Human Resources Development atau Pengelola Sumber Daya Manusia dalam sebuah perusahaan sangat berpengaruh dalam menentukan perkembangan perusahaan atau organisasi di masa yang sangat kompetitif ini. HRD harus paham bagaimana strategi yang baik dalam mendorong produktivitas karyawan agar mencapai tujuan yang diharapkan oleh perusahaan atau organisasi. Karena ternyata banyak sekali variabel yang mempengaruhi kinerja karyawan.
Karyawan merupakan aset yang sangat penting bagi perusahaan atau organisasi. Meski perusahaan memiliki aset lain seperti bangunan dan properti, namun karyawanlah yang sangat berperan penting. Karena karyawan menentukan maju atau mundurnya perkembangan dari suatu perusahaan atau organisasi dari kinerjanya. Tidak heran, HRD harus pintar-pintar merumuskan cara yang ampuh untuk meningkatkan produktivitas karyawan.
Namun ternyata banyak sekali loh variabel yang mempengaruhi kinerja karyawan. Apa saja itu? Simak selengkapnya variabel yang mempengaruhi kinerja pada ulasan Mekari Talenta berikut ini.
Apa Itu Pengertian Variabel Kinerja Karyawan?

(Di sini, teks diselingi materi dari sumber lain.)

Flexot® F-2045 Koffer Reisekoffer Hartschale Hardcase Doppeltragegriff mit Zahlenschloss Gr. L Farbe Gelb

Secara umum, variabel kinerja karyawan adalah komponen yang dapat diukur dan dijadikan dasar untuk menilai kualitas dan kuantitas kerja seorang karyawan. Setiap organisasi bisa memiliki variabel yang berbeda, tergantung jenis industri, budaya perusahaan, serta tujuan bisnisnya.
Variabel Apa Saja yang Mempengaruhi Kinerja Karyawan?
Kinerja karyawan adalah hasil kerja secara kualitas dan kuantitas yang dihasilkan oleh karyawan dalam melaksanakan tugasnya sesuai dengan tanggung jawab yang diberikan. Pengaruh kinerja karyawan sangatlah berdampak bagi perusahaan atau organisasi. Mengapa tidak? Pengaruh kinerja karyawan ini sangat berdampak pada maju mundurnya suatu perusahaan atau organisasi. Berikut variabel yang mempengaruhi kinerja karyawan:
1. Kemampuan dan Keahlian
Variabel yang mempengaruhi kinerja pertama adalah kemampuan dan keahlian. Variabel yang mempengaruhi kinerja ini merupakan komponen penting dari tercapainya kinerja yang maksimal. Lalu apa yang dimaksud dengan kemampuan? Kemampuan merupakan keterampilan yang dimiliki oleh karyawan dalam melakukan suatu pekerjaan. Semakin luas keterampilan yang dimiliki oleh seorang karyawan, maka semakin mudah karyawan tersebut dalam mencapai hasil kinerja yang maksimal.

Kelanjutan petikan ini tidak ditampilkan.